Mark T (True) or F (False) in each of the following sentences.

1 Historically, over long horizons, investments in stocks is expected to outperform investments in bonds.

2 The expected, or mean, return is the return we expect to earn on average.

3 The realized or total return for an investment is the total return of the dividend yield and the capital gain rate.

4 The market risk premium is the expected average return of the market portfolio.

5 The total risk of a security represents only its systematic risk.

6 Because investors can eliminate idiosyncratic risk, they do not require a risk premium for taking it on.

7 Investors typically demand a higher return for investments with higher levels of risk.

8 Systematic risk can be diversified away by holding a well-diversified portfolio of assets.

9 Standard deviation is a measure of the total risk of an investment.

10 Diversification involves spreading investment across different assets to reduce risk.

11 Systematic risk is specific to individual assets and can be diversified away by holding a diversified portfolio.

12 The risk-return tradeoff suggests that higher returns are associated with higher levels of risk.

13 Investors always prefer investments with lower risk, even if it means sacrificing potential returns.

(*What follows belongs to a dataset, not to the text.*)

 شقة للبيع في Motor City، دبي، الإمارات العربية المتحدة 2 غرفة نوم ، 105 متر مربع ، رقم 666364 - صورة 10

14 In finance, risk refers to the uncertainty that an investment’s actual return will differ from its expected return.

15 The market risk premium represents the excess return that investors expect to earn from investing in the market over the risk-free rate.

16 Systematic risk, also known as market risk, is the risk that is inherent to the entire market or an entire market segment.

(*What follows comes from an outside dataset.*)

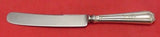 Colfax by Durgin-Gorham Sterling Silver Regular Knife Blunt 8 1/2" Flatware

17 Systematic risk cannot be eliminated through diversification because it affects the entire market.

18 Systematic risk is specific to individual assets and can be diversified away by holding a diversified portfolio.

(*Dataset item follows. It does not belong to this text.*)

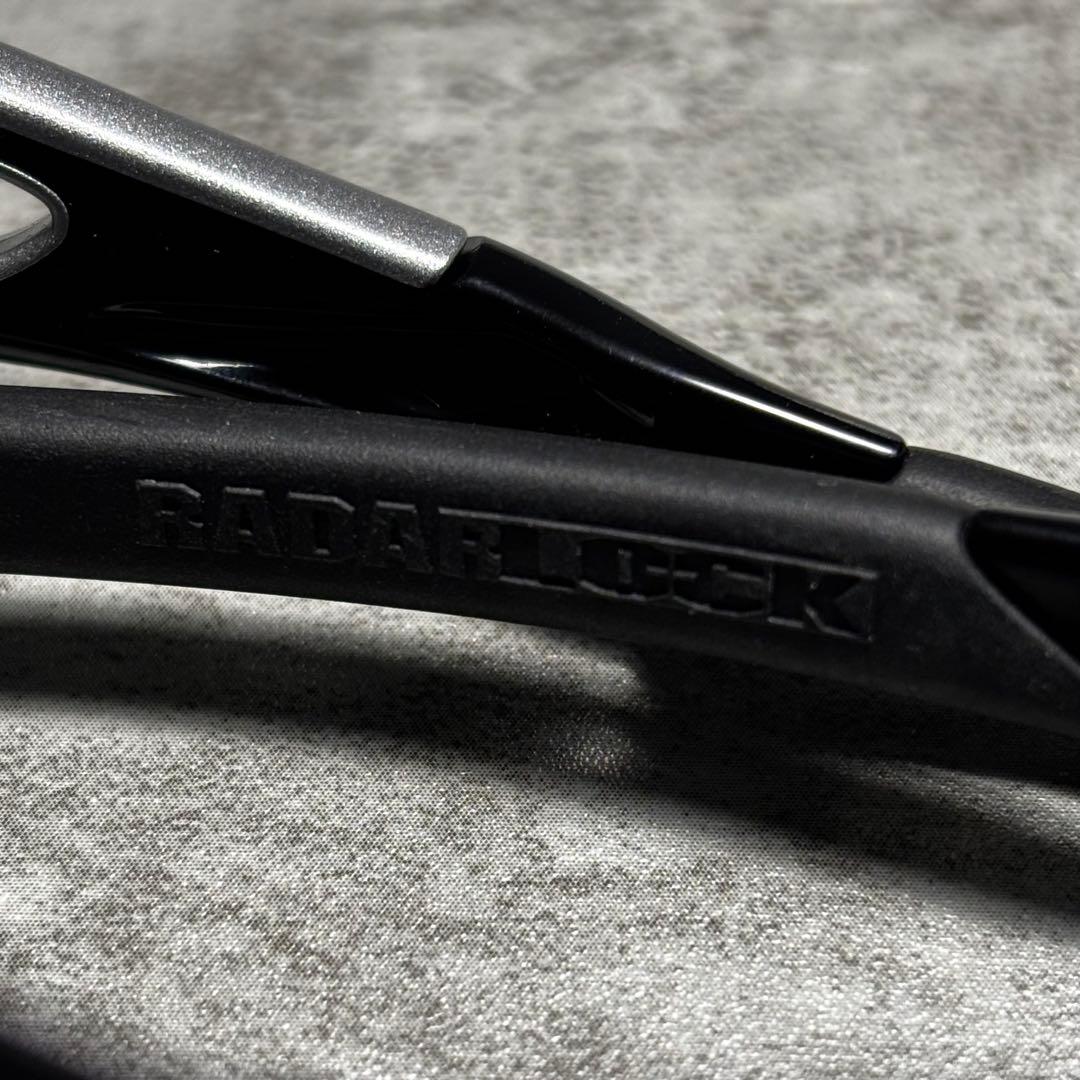 オークリーレーダーロックパス OAKLEY RADAR LOCK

19 The following risk is an example of firm-specific risk: The risk that the founder and CEO retires

20 The following risk is an example of firm-specific risk: The risk that oil prices rise, increasing production costs

21 The following risk is an example of firm-specific risk: The risk that a product design is faulty and the product must be recalled

22 The following risk is an example of firm-specific risk: The risk that the economy slows, reducing demand for the firm’s products.

23 A value-weighted portfolio is an equal-ownership portfolio: the investors holds an equal fraction of the total number of shares outstanding of each security in the portfolio.

24 If investors have homogeneous expectations, then each investor will identify the same portfolio as having the highest Sharpe ratio in the economy.

25 An assumption of the CAPM is that investors are rational and will always prefer a higher over a lower Sharpe ratio.

26 An assumption of the CAPM is that only informed investors are allowed to borrow or lend at the risk-free rate.